PROBLEM DETAILS: Leave the pictures out, and repeat exactly every line from the one with "Aastha Fashion Women" through the end of the data below.

PROVIDED DATA:
Content starts

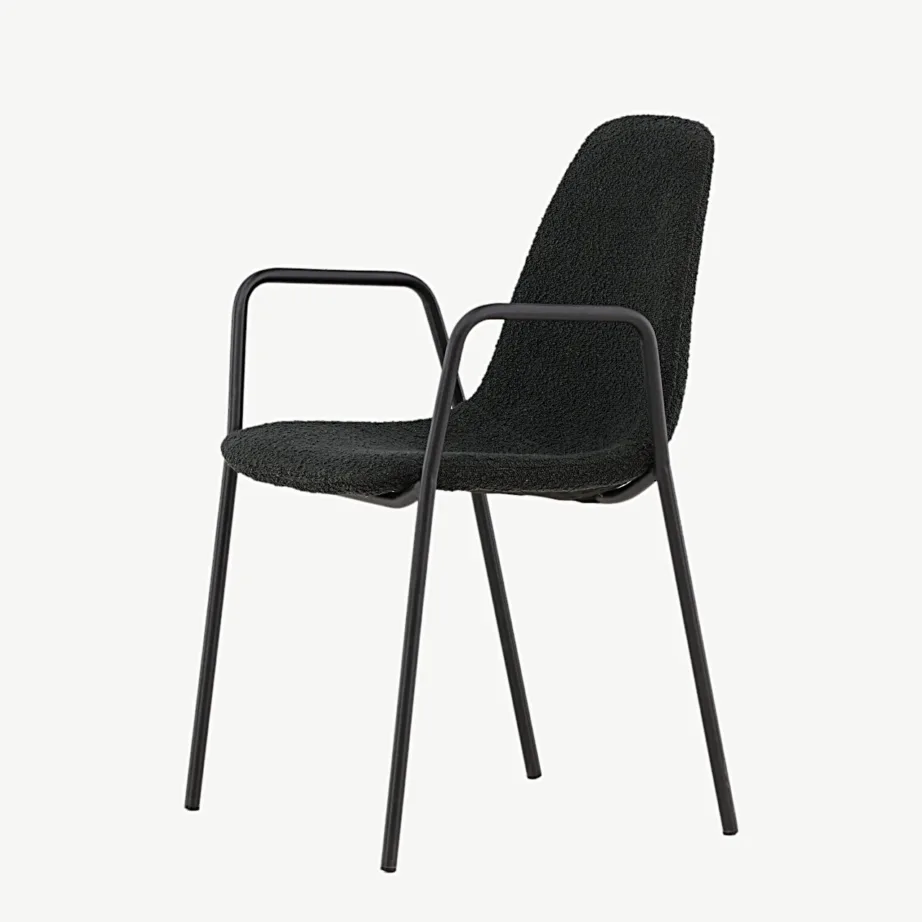 Skandinaavia stiilis söögitool Klädesholmen, must buklee, must metallraam, käetugedega, 43000-134 – 6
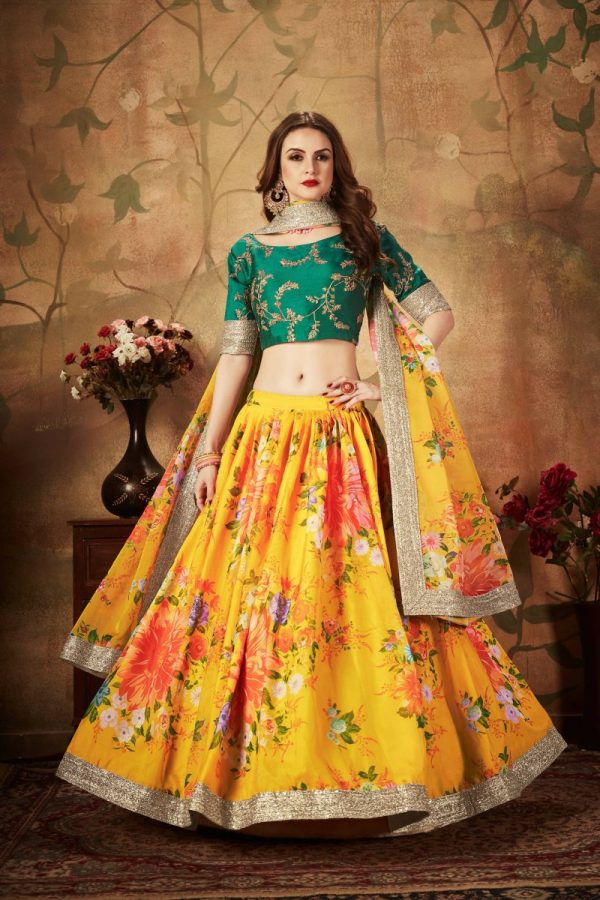 Aastha Fashion Women s Yellow-Green Floral Digital Printed Organza Bridal Lehenga Choli Sale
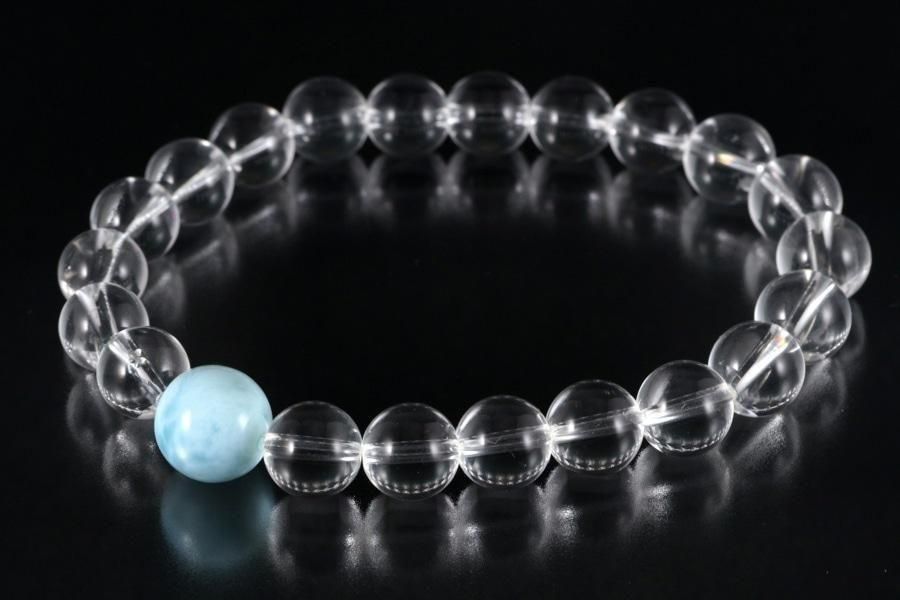 ラリマー入り水晶8mm玉 ブレスレット｜天然石 通販 キラリ石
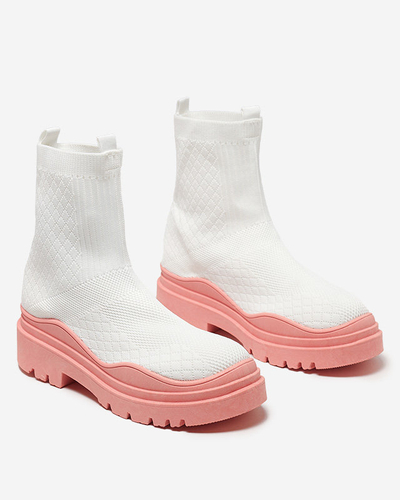 Bottines pour femmes blanches et roses à talon plat Seritis - Footwear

Content ends

THE ANSWER:
 Aastha Fashion Women s Yellow-Green Floral Digital Printed Organza Bridal Lehenga Choli Sale
 ラリマー入り水晶8mm玉 ブレスレット｜天然石 通販 キラリ石
 Bottines pour femmes blanches et roses à talon plat Seritis - Footwear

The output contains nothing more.